One of the most noticeable symptoms of hormonal imbalance is low libido. This could be due to imbalances of estrogen and testosterone.

3. Fatigue

Can't make it past mid-morning without some sort of pick-me-up? How about that mid-afternoon crash? We all have days when we’re so tired that we’re desperate for a nap. However, if you feel exhausted every day, then you could be suffering from a lack of a thyroid hormone, adrenal fatigue, or another form of hormone imbalance.

4. Anxiety, Irritability and Depression

Not feeling like yourself? Anxiety, mood swings and depression are clues that you have an imbalance.
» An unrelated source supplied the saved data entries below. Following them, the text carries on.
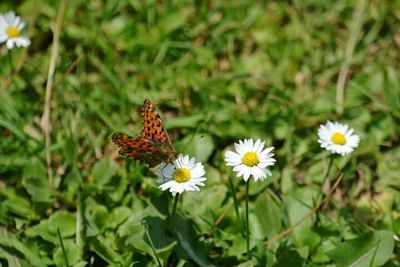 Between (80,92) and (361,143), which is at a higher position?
(80,92)

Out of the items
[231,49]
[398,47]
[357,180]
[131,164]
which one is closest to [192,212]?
[131,164]

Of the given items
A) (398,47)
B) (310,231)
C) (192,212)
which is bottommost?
(310,231)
Most ‘midlife’ women experience mood swings and feel anxious in situations that they used to handle calmly before. This is likely due to a hormone imbalance.

5. Insomnia and Poor Sleep Patterns

Many women find it hard to fall asleep before their period. This may be due to the sharp drop in the hormone progesterone that occurs just before menstruation. Progesterone has relaxing properties, so when its levels drop, it can make you feel restless and lead to poor sleep patterns.
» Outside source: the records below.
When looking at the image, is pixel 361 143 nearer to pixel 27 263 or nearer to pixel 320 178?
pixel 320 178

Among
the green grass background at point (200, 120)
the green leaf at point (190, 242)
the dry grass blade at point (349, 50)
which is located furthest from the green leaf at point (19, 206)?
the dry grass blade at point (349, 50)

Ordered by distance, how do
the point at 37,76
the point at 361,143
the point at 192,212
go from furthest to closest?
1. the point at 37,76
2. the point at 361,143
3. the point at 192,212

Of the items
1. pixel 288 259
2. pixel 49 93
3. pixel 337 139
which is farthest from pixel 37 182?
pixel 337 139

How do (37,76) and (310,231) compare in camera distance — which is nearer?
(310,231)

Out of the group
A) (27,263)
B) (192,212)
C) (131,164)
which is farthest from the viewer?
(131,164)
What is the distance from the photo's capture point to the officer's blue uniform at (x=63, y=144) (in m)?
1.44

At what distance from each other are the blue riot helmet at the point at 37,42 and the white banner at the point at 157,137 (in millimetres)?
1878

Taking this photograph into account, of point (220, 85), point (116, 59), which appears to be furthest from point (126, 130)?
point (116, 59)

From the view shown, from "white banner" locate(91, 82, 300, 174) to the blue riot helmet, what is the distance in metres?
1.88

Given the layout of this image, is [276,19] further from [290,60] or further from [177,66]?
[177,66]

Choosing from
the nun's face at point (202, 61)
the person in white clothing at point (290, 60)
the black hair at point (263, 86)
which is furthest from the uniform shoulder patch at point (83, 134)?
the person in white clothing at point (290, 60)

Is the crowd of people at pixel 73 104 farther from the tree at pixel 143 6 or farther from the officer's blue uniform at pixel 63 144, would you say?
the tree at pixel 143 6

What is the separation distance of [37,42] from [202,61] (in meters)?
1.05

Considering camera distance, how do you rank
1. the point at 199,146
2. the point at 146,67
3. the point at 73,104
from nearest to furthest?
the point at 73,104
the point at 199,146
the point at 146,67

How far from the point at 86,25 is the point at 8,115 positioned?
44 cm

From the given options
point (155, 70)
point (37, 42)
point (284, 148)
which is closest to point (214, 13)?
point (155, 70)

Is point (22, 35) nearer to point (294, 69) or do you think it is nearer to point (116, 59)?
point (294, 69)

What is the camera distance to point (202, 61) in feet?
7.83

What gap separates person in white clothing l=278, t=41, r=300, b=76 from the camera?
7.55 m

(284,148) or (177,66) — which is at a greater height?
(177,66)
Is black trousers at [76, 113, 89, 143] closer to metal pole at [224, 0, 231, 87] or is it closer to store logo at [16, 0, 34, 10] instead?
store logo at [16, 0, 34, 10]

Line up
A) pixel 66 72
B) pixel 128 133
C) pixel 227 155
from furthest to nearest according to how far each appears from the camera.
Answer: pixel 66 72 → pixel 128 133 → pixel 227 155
6. Hot Flashes & Night Sweats

For many women, night sweats and hot flashes are the first uncomfortable sign that something is out of whack. The cause may be too much or too little estrogen or too little progesterone. Other hormone imbalances in your body that come from the adrenals, ovaries, thyroid, pancreas or gastrointestinal tract may also be the source of the problem.

7. Cravings

Common causes of cravings and excess eating are adrenal fatigue, insulin resistance, and other hormonal imbalances. Minimizing sugars, alcohol, dairy and wheat may help control cravings, and improve digestive function as well.

8. Persistent Acne

A lot of women breakout before their period, due to hormonal shifts. However, if you suffer from deep, cystic acne all the time, then androgens could be the culprit. Testosterone stimulates excess production of oil, which can get trapped underneath the skin and merge with bacteria and dead skin cells leading to clogged pores.

9. Memory Fog

Are you forgetting things lately? Like where you put your car keys, or what you walked into the room for. Have you been stressed out? Your body will produce high levels of cortisol when stressed, which studies suggest can hamper your learning ability and memory.

10. Digestive Problems

Cortisol production is naturally high in the early morning to help you wake up. However, chronic stress may lead to adrenal glands overproducing cortisol. This may contribute to irritable bowel syndrome (IBS), due to abnormal levels of serotonin. The flux of estrogen and progesterone may also play a role in IBS as well as can make a woman’s gallbladder empty more slowly and increase the cholesterol in her gallbladder, doubling her risk of developing gallstones.

11. Headaches & Migraines

Suffer from frequent headaches or migraines? This could be due to hormonal imbalances around certain times of the menstrual cycle.

12. Vaginal Dryness

As menopause approaches, the reduction of estrogen levels causes changes to the vaginal wall. This can lead to vaginal dryness.

13. Breast Changes

High levels of estrogen can make breasts feel tender and sore, which could lead to lumps, fibroids, and cysts.

Please note that many of these symptoms can be linked to other physical problems, and a simple blood, urine or saliva hormone test can help you and your healthcare professional determine if there are other underlying concerns.